Our previous entry wasn’t the happiest, and we regret to inform you that this one won’t end on the best note either…
After our day in Milan, we woke up excited for the next destination – Cervino Ski Paradise, a ski resort in the Italian and Swiss Alps. We knew there had been days of heavy snow in the mountains and sunny days were to follow. Ideal conditions for skiing! The plan was to spend one night already in the Aosta Valley, about 30 minutes from the resort, followed by two consecutive days of skiing. But before that, and after another baggage rearrangement session, we got a craving for good sushi. Since Turin actually has a pretty good offering of this type of cuisine, it was not that hard to decide where to had lunch. We chose the Gari Sushi restaurant. Being an “all you can eat” menu, we ordered dish after dish until we were sure we wouldn’t want to eat sushi for a while.
Our afternoon was spent winding through the snow-covered mountains until we reached the beautiful village of Saint-Vincent. Here, we checked into the lovely Relais du Foyer hotel and took a little stroll. Not being hungry for dinner, we were happy enough with a well-served aperitif at one of the bars. We stayed there until we felt like going back to the hotel to rest.

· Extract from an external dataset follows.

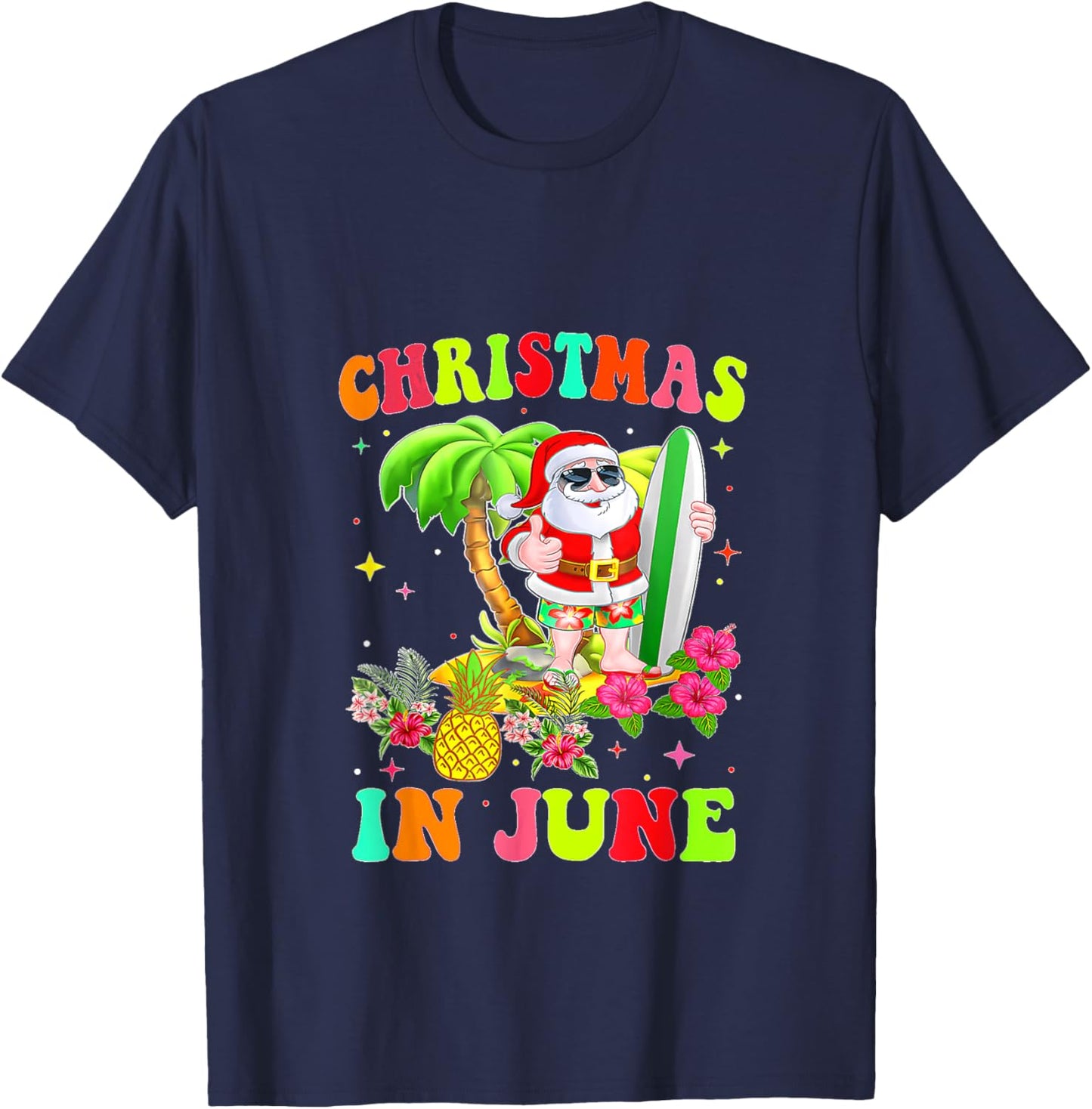 Christmas In June Funny Santa Flamingo Summer Vacation Women Kids T-Shirt - T-Shirt | Navy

The next day started early as we wanted to hit the slopes as soon as possible! We made sure to have a complete breakfast at the hotel before heading to Valtournenche, where we would ski on this first day. Despite being only half an hour away, we still lost some time picking up the equipment we rented and even more waiting for a bus that never seemed to arrive… When we finally reached the ticket office, it was already past 11 am, and it no longer made sense to buy a full-day lift pass (since we would pay much less if we only went in the afternoon, from 12 pm onwards). That’s exactly what we did, paying €32 to ski for half a day in this small section of the resort. With this ticket, we couldn’t access the Cervinia area (let alone Zermatt) but only Valtournenche. However, it was more than enough for this half-day. To this price adds a €3 insurance. Yes, we paid this additional fee after having learned a lesson earlier this year (Ricardo’s brother’s girlfriend broke her wrist on the slope and had to pay for it…).

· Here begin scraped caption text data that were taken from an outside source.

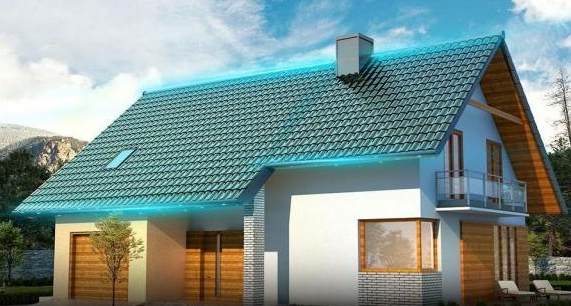 Rendering of a GreenMore detached villa with a pitched roof covered in dark green tri-curved arched solar tiles.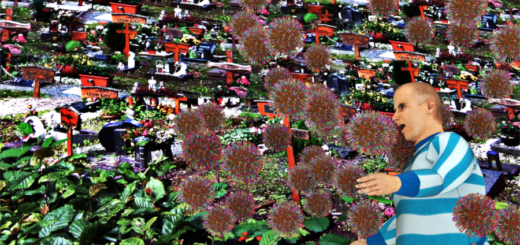 Bernd Buchhalter versucht Coronaviren zu verscheuchen. Bernd Buchhalter versucht Coronaviren zu verscheuchen.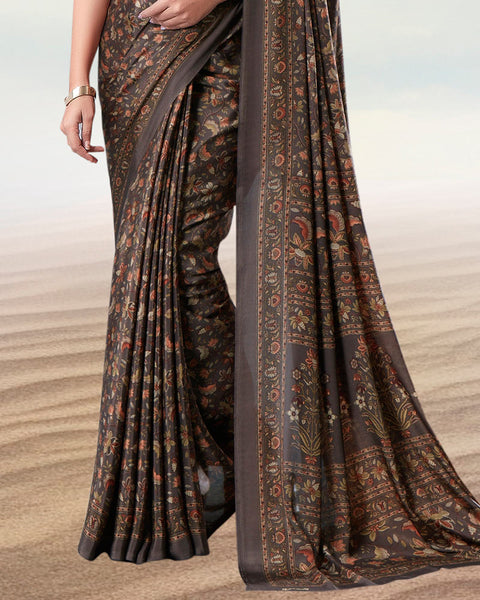 Pale Brown Digital Print Premium Crepe Saree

To pass the time until noon, we anticipated the après-ski and had a glass of wine and a beer. With our glasses empty, it was finally time to get on the funicular! It was a spectacular afternoon, and for that reason, we only stopped when the resort closed.

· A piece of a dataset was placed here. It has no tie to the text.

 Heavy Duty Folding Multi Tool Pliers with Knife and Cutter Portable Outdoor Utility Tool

After checking into the Art Hotel Grandes Murailles for the next two nights, we went out to explore the surroundings. We were pleased to find out that the best bar and restaurant seemed to be right at the door of our hotel. We spent the rest of the day there.
If the previous day had been good, the next one still held even higher expectations! It was the day we would ski in one of the most renowned ski resorts, with incredible views of the Alps and the famous Matterhorn (the mountain whose shape is widely known, especially because of the Toblerone logo). This time, the price was a bit higher (€59) since the Cervinia section includes many more kilometers of slopes. We also made sure to pay the additional €3 for another day of insurance (thank God!). For the curious, it is also possible to access the Swiss resort of Zermatt for an additional €30. However, for us, it was more than enough to stay on this side of the Matterhorn.
There are no words to describe how nice the slopes were! We were blessed with the best sunny day of the last few weeks, and the snow couldn’t have been better either. We were so happy and excited that we only took one break to get some beers while sunbathing at one of the slope restaurants.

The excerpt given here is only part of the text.